Sunday, 29 June 2008

Reighton Ponds/Bempton


Azure Damselfly


Please left click and press F11 for larger view, and F11 to get your tool bar back.

A first very pleasent visit to Reighton Ponds today with a small group from Scarborough Field Naturalists led by John Hulme to look for Dragonflies and Damselflies.

As we approached a Skylark landed on the grass path directly in front of us and I managed a quick record shot.

Around the ponds a few 'blue' Damselflies and a couple of Emperor Dragonflies were flying.

After lunch we moved on to Bempton RSPB where a Kestrel was flying opver head (took lots of shots but always too distant for more than record shots). It has to be an ambition to get close to get quality Kestrel shots. Yes, close I am developing a theme.

We then viewed the Gannets. I love the markings of the young birds (juveniles/first year?).

A pleasant day, thanks John, Brian,David.

Close to Home

Does my head look alright in this? (Sparrow Security System)

After a few weeks of no postings (due to DIY duties) Ithought I would show nshots of a member of a quite strong colony of House Sparrows at home.

For better view left click on picture and press F11.

The bird pictured emerged from its nest somewhere behind the mill stone over a garage door and then went into a nearby Buddleia bush swaying on the stems.

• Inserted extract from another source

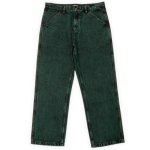 画像1: PASS~PORT.  " WORKERS CLUB DENIM JEAN " - DARK GREEN Over-Dye (1)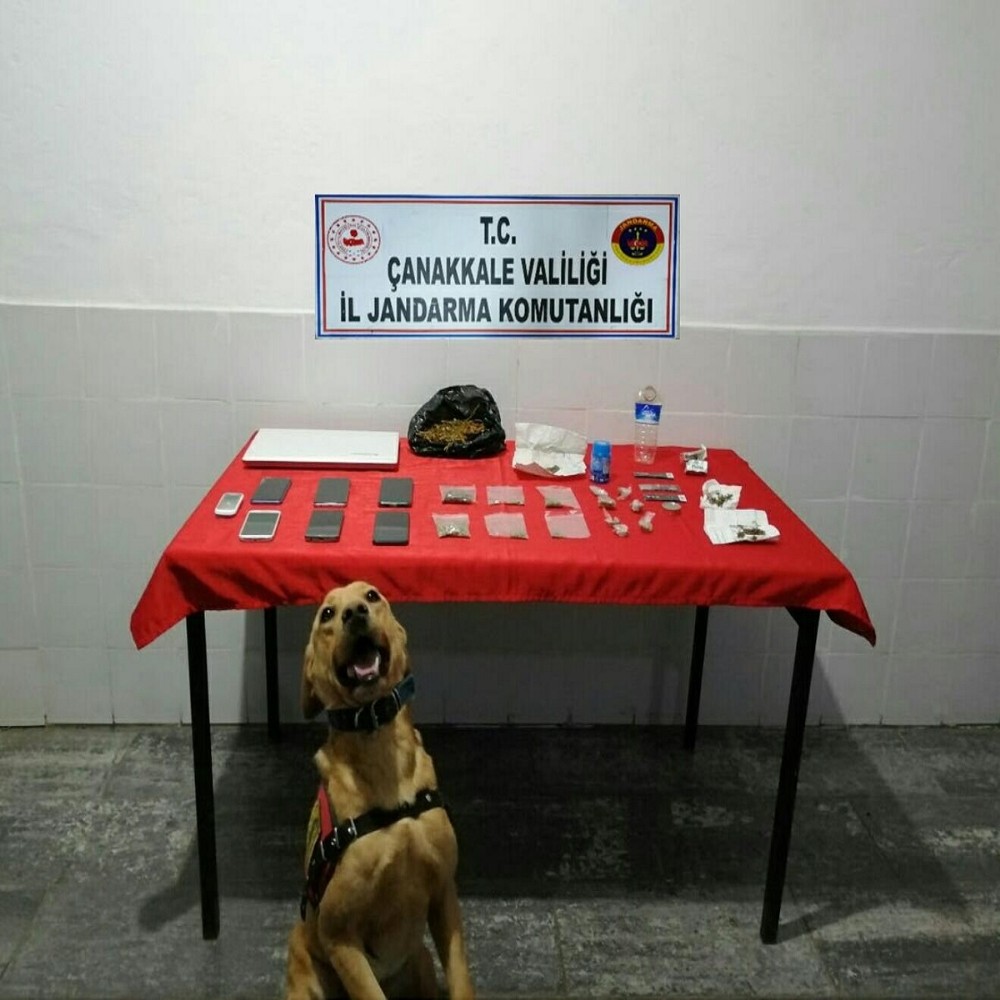 Çanakkale’de uyuşturucu operasyonu: 7 gözaltı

It made for nice pictures in the bright light and I was fairly close to.

I am beginning to realise that I need to get closer to subjects, maybe a hide or camouflage suit is a good idea but seeing as nearly all my picture are taken on major reserves and walking with the wife not to practical. This is something I need to work on when you look at other sites and see the pictures are sometimes taken at full frame. How do they do that (I also been watching too much Peter Kaye)?

Hope you like the House Sparrow pictures, they look pretty sharp given the movement in the wind.

Sunday, 8 June 2008

Turtle Doves

As relative birding newbise we had a detirmined look for Turtle Doves today.

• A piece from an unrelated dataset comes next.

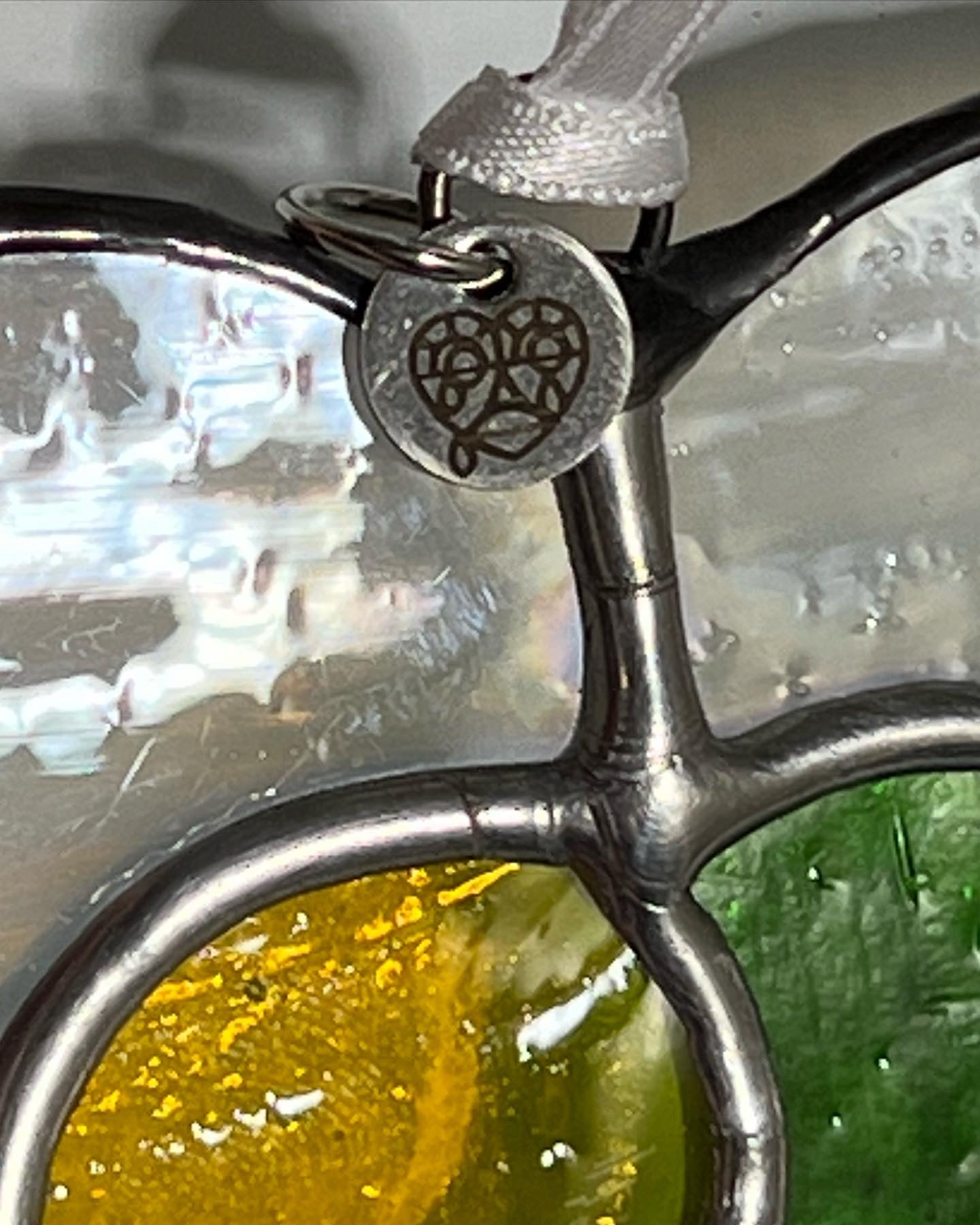 Sushi Love heart suncatcher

Last year we went looking a few times to no avail despite hearing them several times.

Following excellent directions from Brian Walker of a location at Dalby Forest we immediately heard the Prrring of Turtle Doves stood at the side of the car. Walking on we heard the sound of the bird very loudly many times before locating them high up in some dead trees, not quite what I expected. The picture is purely a record shot, I hope to go back and get closer next time.

Another bird I photographed today was a Whitethroat.

Having seen a pair of Great Spotted Woodpeckers, one with grubs in its mouth I found the birds nest hole complete with a youngster looking out.

Friday, 6 June 2008


A second visit this week to Arne and we took the Coombe Hill walk in the hope of seeing the Dartford's but no sightingsaybe keeping down in the sunny but slightly breezy conditions.

Seems to be three Green Woodpeckers on the reserve and I managed one shot, fairly distant but my first picture of a Green Woodpecker.

There was six Spoonbills on the estuary feeding on the shore line at high tide but very distant, also several Little Egrets.

At the end of the walk I got pictures of what I am fairly sure is a male Large Red Damselfly.

Wednesday, 4 June 2008


A nice day visiting Radipole where there was a lot of Cygnets, young coot and Moorhen.

Sound of Cetti's Warblers all over the reserve but elusive.

I got pictures of a Reed Warbler, Great Tit & Mallard.

Later went to Portland Bill for the first time which seems a good place to picture gulls flying along level with the tops of the cliffs and I would recommend a visit for the scenery alone.

Monday, 2 June 2008


A very pleasant visit to Arne today started with great views of a pair of Green Woodpecker 400 yards from the car park entrance. One of the birds flew onto a small tree 100 yards from the car.
A nice walk produced lots of small birds with many baby Great Tits and Wrens. Usual large herd of Sika Deer on the reserve.
This was about our sixth or seventh visit to Arne one of our favourite reserves but we had never seen its star bird the Dartford Warbler there until today. We took a second walk (Coombe Hill) and found a group of Dartford's some distance from the pathway, but at least managed pictures with the aid of some tight cropping.